The restriction is only on putting the d20 logo in your product. If you wish to use any material that has been released as "Open Gaming Content" then you need not do anything at all. You just may not put the d20 logo anywhere in your product. In addition, you may not put any sort of trademark of Wizards of the Coast in your product, as well. (A company needs to "OK" something that actually uses their trademarked names).

So, feel free to go out and make a game which uses the entire d20 system. But, if you want to call it a "d20 game" you must not break any of the restrictions. These include small things like "Include this license with your game, so that other people may derive from YOUR work" and the one that I have a problem with "Do not cover things such as character generation" (Which is WotC's method of selling the core rulebooks which are the only things that may detail those pieces of game info.)

There have been a lot of new d20 games released recently. A super hero game, a swashbuckling game, a lot of game conversions including an official Call of Cthulhu conversion, and a lot of others. What I find exciting is that they are releasing a lot of modules for D&D that are d20 -- so WotC doesn't even have to approve them. This includes the Adventurer's Keep modules by Alderac Entertainment Group. (Cannot find a better price -- $2.50 for a complete module.)

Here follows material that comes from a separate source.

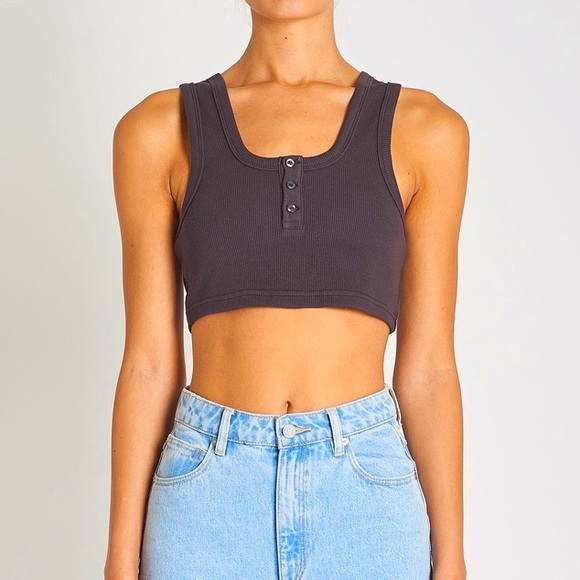 Henley Crop Top NWT - Picture 1 of 2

For more information regarding what the d20 license does and does not cover, please check the "d20 system reference document", better known as "The SRD" ( The open gaming foundation also hosts another game which is COMPLETELY open called "Dominion." (I've glanced at it, and it also looks nice.) Also, wizards has some information about it available at,3 (which may change soon, knowing how often Wizards will change the URL of their webpages.)

The d20 System has several design strengths over earlier gaming systems, which make the game easier to play. They are:

Roll high
Whenever a player is rolling a die to do anything, they always want to roll high. There are no good effects to be gained by rolling low. Ever.
Higher is better
For any ability or statistic that a player has, they always want a high number. Gone are the days of trying to minimize your THAC0 and AC while increasing your hit points.
Positive is good
Notice a trend yet? Anything which modifies a number is good if it is positive, and bad if it is negative.
Use of formulas
Instead of using lookup tables for finding values, almost any value is derivable from a simple (usually linear) formula (the one exception to this seems to be max carry weight).
Precomputability of modifiers
Most modifiers can be easily precomputed, such that a player rolls a die, adds their combined modifier, and checks to see if the roll was high enough to be successful.